The Trump administration needs to seriously consider what the majority of American scientists and others throughout the world are saying about changes in our global climate, and the adverse effects that human and industrial behavior is having on our planet. If we continue to do nothing there will be severe consequences to our environment, our food supply, coastal communities and to our health, scientists say.

Last summer, when a brutally harsh storm caused fatal flooding in South Texas and most recently when historic storms devastated parts of Florida, North Carolina, South Carolina and Virginia, the president remained silent in the face of hard scientific data that demonstrates a direct relationship between life-threatening weather patterns and our government’s refusal to address the realities of climate change.

Again, there was silence just two weeks ago when a United Nations science report stated that placing a price on carbon dioxide emissions, a leading cause for adverse changes in the world’s climate, was crucial to curbing the impact that a warming climate was having on communities, countries, agriculture and people.

The highly-acclaimed United Nations report states that the number of poor people in the world will grow because of increased food shortages, that there will be more wildfires and that we will witness the death of the world’s coral reefs within the next twenty-five years if leaders and governments do not move quickly.

Even 40 years of research by a professor who was recently awarded the Nobel Prize for science have failed to get the administration to act. “We are actually going backwards in the United States with the disastrous polices of the Trump administration,” said Professor William D. Nordhaus, an economist at Yale University who was awarded the 2018 Nobel Prize for Economic Sciences.
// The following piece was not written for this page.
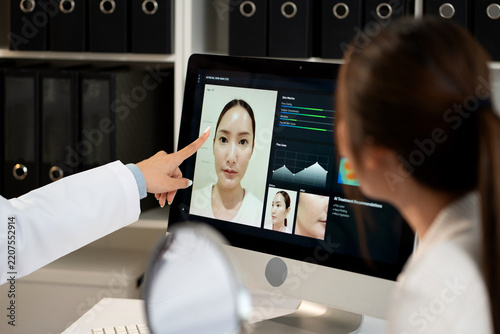 Young asian woman doctor consulting with woman patient in aesthetic clinic during looking at computer screen artificial intelligence software for beauty facial skin analysis diagnostic result.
The policies of the Trump administration are not constructive and are behind scientific facts, Professor Nordhaus said.  “We are gambling with the future of our planet,” he said.

The president made a serious mistake in June of 2017when he withdrew our nation from the Paris Climate Agreement which had been endorsed by the Obama administration.  The accords, signed by nearly every nation on the face of the earth, united them to face the effects of climate change by agreeing to lower the amount of emissions each country placed into the atmosphere.

While withdrawing from the agreement, President Trump said that the treaty was “unfair” to the United States. The president was incorrect. The treaty was more than fair to our country.  The president’s real problem with the accord is that he had promised supporters in coal-producing states that he would fight for their jobs and their industry, while knowing that our nation’s economy was moving away from coal.

The facts speak for themselves. If we continue to do nothing we will have a catastrophe on our hands and we will only have ourselves to blame. Hopefully, the administration will soon recognize the pressing realities. The alternative is more violent storms, more deaths and the destruction of property. Certainly, the American people deserve more than that.